Inseparable

 

Chang and Eng Bunker were the original Siamese Twins, the rare condition being named after their birthplace of Siam (modern-day Thailand). They were joined at the stomach by a small piece of cartilage.

They lived aboard a house boat and sold duck eggs to help feed their family. The twins’ decision to remain conjoined ensured the interest from overseas that started their unexpected journey.

A Scottish merchant then spotted them while swimming and offered to send them off to America as entertainers, having first paid their mother the equivalent of around $500 and getting a blessing from the king of Siam, who sat upon a golden throne.

They have the courage to spend months sailing across the ocean not knowing what lies ahead of them.

As expected, they became performers.
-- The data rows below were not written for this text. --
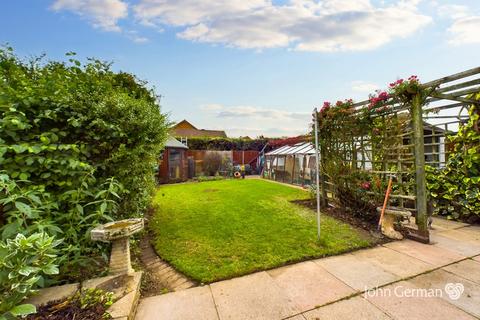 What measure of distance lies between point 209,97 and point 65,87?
28.9 feet

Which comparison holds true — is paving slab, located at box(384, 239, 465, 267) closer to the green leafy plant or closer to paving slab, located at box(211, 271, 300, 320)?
paving slab, located at box(211, 271, 300, 320)

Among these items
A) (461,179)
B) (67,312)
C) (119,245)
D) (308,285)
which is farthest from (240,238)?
(461,179)

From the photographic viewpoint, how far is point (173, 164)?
11.9 metres

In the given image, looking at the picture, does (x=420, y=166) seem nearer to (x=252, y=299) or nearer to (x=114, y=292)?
(x=252, y=299)

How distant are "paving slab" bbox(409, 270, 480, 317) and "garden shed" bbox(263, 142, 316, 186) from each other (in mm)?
6275

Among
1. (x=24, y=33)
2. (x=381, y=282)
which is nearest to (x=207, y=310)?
(x=381, y=282)

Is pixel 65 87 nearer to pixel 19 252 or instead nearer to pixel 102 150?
pixel 102 150

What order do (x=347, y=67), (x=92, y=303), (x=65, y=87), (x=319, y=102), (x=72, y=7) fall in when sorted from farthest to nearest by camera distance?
(x=347, y=67) → (x=319, y=102) → (x=72, y=7) → (x=65, y=87) → (x=92, y=303)

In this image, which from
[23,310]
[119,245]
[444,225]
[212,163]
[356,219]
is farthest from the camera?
[212,163]

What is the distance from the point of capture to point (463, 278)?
92.3 inches

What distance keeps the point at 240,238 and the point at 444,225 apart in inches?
169

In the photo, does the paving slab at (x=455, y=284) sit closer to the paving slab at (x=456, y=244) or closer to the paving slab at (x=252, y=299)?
the paving slab at (x=456, y=244)

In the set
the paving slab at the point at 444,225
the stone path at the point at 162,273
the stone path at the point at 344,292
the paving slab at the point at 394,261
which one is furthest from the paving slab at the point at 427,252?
the stone path at the point at 162,273

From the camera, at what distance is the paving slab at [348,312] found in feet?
5.82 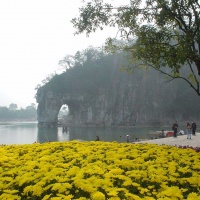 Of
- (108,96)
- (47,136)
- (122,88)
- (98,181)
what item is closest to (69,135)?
(47,136)

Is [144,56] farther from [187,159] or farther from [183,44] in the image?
[187,159]

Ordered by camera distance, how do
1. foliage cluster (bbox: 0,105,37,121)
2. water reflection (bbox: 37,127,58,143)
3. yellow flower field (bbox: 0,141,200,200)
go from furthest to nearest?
1. foliage cluster (bbox: 0,105,37,121)
2. water reflection (bbox: 37,127,58,143)
3. yellow flower field (bbox: 0,141,200,200)

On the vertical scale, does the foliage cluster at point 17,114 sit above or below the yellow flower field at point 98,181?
above

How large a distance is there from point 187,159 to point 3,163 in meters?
4.29

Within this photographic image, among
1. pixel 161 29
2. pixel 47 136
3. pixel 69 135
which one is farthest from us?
pixel 69 135

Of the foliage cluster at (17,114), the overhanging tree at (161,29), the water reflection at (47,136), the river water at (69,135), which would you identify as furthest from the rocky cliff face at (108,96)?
the overhanging tree at (161,29)

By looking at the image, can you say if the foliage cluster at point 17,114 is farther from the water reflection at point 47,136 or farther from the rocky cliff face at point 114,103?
the water reflection at point 47,136

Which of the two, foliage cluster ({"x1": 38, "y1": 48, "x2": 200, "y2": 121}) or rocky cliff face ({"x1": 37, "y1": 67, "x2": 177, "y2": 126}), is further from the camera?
rocky cliff face ({"x1": 37, "y1": 67, "x2": 177, "y2": 126})

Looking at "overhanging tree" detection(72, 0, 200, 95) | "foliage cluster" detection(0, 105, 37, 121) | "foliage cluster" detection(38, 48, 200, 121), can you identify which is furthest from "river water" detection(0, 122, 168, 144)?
"foliage cluster" detection(0, 105, 37, 121)

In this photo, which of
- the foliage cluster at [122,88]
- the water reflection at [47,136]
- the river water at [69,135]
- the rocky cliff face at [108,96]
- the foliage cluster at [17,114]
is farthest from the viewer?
the foliage cluster at [17,114]

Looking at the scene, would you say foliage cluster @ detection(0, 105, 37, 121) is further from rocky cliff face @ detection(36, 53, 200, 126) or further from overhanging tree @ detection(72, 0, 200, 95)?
overhanging tree @ detection(72, 0, 200, 95)

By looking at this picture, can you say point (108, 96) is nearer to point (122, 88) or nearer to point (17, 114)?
point (122, 88)

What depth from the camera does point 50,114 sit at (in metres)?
96.1

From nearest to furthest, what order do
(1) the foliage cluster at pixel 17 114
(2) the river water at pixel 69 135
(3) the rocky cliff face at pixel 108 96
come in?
(2) the river water at pixel 69 135 < (3) the rocky cliff face at pixel 108 96 < (1) the foliage cluster at pixel 17 114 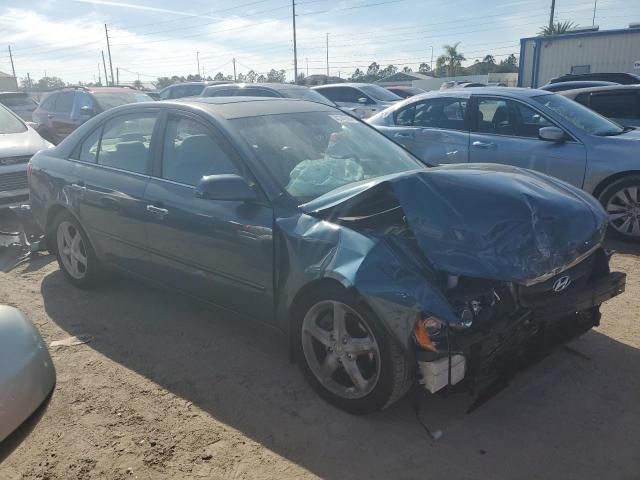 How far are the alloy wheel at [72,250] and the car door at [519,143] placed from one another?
4.47 meters

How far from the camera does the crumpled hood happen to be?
105 inches

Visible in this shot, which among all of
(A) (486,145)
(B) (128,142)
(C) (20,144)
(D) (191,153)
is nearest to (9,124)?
(C) (20,144)

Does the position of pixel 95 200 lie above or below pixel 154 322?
above

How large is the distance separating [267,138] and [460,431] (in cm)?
214

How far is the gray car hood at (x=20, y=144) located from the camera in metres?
7.43

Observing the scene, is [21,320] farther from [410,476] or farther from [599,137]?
[599,137]

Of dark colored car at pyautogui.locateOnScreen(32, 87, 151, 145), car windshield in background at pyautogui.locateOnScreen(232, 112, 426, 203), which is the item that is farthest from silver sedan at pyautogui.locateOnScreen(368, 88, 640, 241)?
dark colored car at pyautogui.locateOnScreen(32, 87, 151, 145)

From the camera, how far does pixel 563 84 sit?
38.8ft

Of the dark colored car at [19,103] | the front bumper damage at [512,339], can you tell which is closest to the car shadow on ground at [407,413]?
the front bumper damage at [512,339]

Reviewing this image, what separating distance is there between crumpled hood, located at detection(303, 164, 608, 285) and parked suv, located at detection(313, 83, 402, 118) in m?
11.3

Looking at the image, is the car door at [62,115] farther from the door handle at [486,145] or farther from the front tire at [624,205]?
the front tire at [624,205]

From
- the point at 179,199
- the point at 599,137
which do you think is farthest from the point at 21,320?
the point at 599,137

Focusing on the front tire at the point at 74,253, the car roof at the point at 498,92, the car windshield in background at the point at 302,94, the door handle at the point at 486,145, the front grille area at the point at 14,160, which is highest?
the car roof at the point at 498,92

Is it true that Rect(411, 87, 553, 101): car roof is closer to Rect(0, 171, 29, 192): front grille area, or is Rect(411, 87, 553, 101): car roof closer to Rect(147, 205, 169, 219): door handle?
Rect(147, 205, 169, 219): door handle
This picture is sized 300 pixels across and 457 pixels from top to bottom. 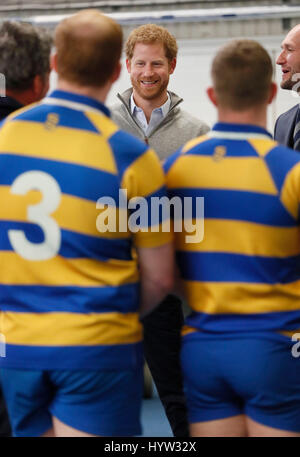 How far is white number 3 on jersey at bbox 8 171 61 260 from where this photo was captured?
198 centimetres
The nature of their work demands countless travel, where most of the time, they will be in economy class while their handlers ride in luxury class — an injustice that annoyed the twins as they watched their handlers grow richer.

In 1832, after a few years on the road, they became clever enough to break off on their own, buying themselves 500 cigars to celebrate their success.

In Traphill, North Carolina., the twins reinvented themselves as members of the Southern gentry, buying a farm, dozens of slaves and marrying a pair of sisters and fathered a total of 21 children.

When the Civil War broke out, Chang and Eng eagerly backed the Confederacy, sending their sons to fight. In an irony lost on nobody, the war lost Chang and Eng much of their fortune. They attempted a return to their freak show roots.

In 1874, Chang suffered a stroke in his sleep and when Eng awoke to find his brother dead, he refused to be separated from him and bled to death three hours later, because the blood was not being pumped back from his twin’s body.